__TASK REQUIREMENTS__. Without the pictures, write out every entry that follows exactly.

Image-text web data
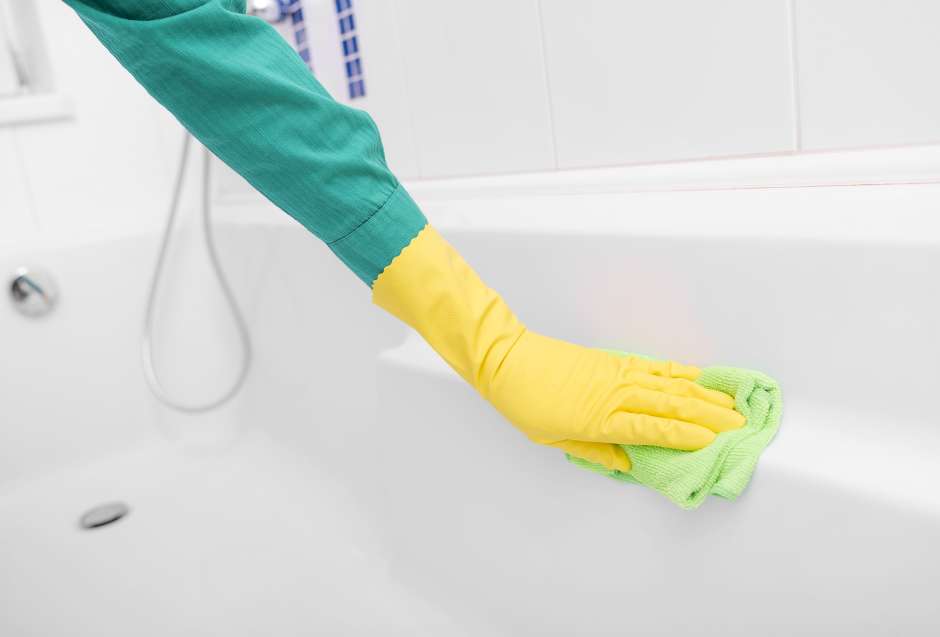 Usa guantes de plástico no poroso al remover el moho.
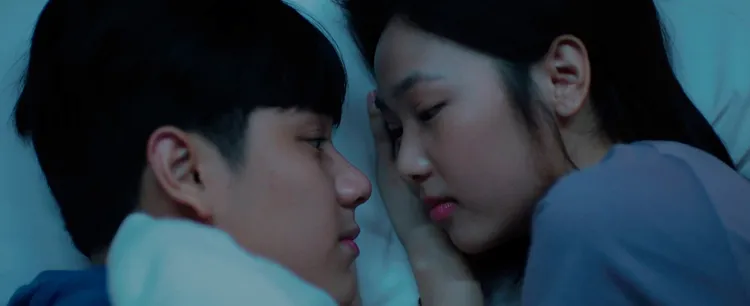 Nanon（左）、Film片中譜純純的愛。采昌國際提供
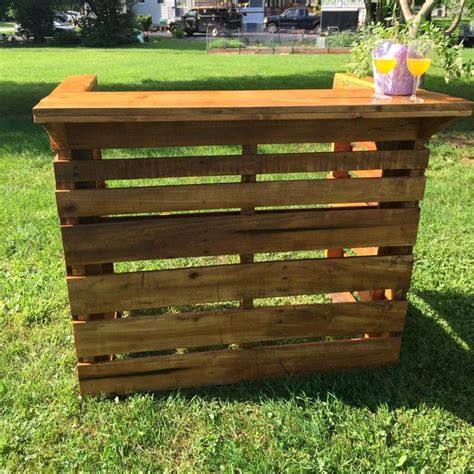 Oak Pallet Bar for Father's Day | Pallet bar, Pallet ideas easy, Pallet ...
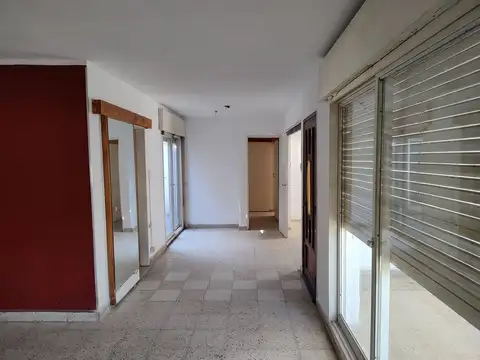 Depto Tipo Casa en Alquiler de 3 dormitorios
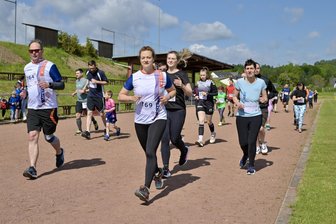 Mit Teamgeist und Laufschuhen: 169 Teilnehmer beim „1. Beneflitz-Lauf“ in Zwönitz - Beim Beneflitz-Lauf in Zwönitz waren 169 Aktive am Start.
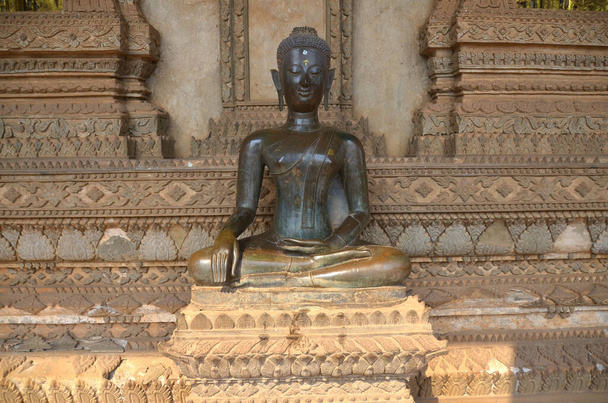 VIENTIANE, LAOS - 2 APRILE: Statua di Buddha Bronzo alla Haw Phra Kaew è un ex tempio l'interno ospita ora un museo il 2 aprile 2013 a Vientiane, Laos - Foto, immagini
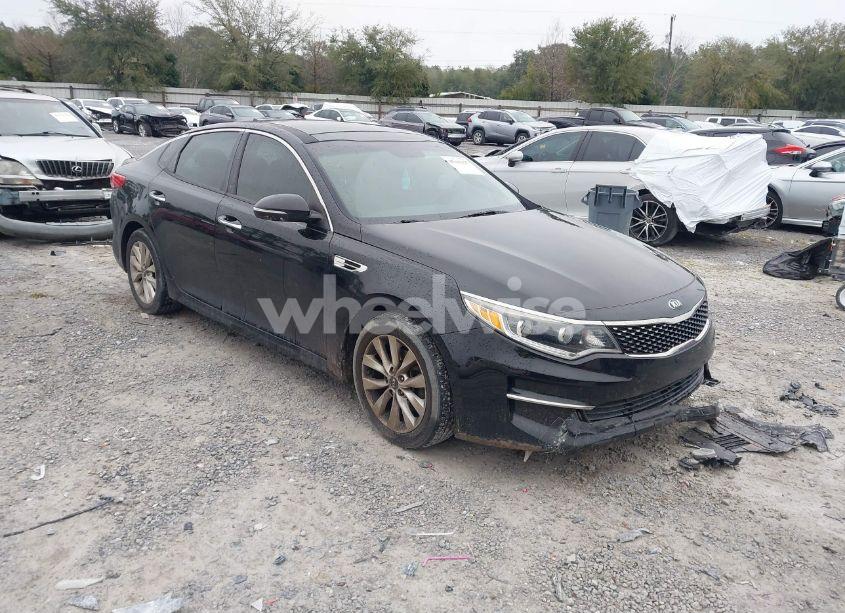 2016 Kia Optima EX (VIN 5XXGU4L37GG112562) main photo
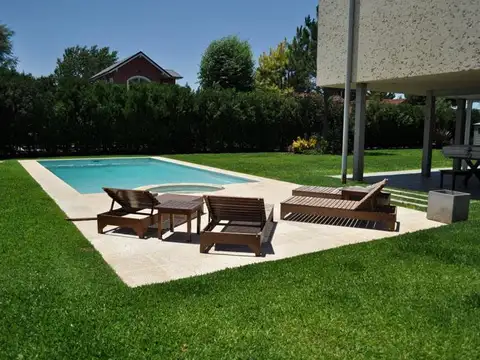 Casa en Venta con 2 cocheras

__YOUR RESPONSE__.
 Usa guantes de plástico no poroso al remover el moho.
 Nanon（左）、Film片中譜純純的愛。采昌國際提供
 Oak Pallet Bar for Father's Day | Pallet bar, Pallet ideas easy, Pallet ...
 Depto Tipo Casa en Alquiler de 3 dormitorios
 Mit Teamgeist und Laufschuhen: 169 Teilnehmer beim „1. Beneflitz-Lauf“ in Zwönitz - Beim Beneflitz-Lauf in Zwönitz waren 169 Aktive am Start.
 VIENTIANE, LAOS - 2 APRILE: Statua di Buddha Bronzo alla Haw Phra Kaew è un ex tempio l'interno ospita ora un museo il 2 aprile 2013 a Vientiane, Laos - Foto, immagini
 2016 Kia Optima EX (VIN 5XXGU4L37GG112562) main photo
 Casa en Venta con 2 cocheras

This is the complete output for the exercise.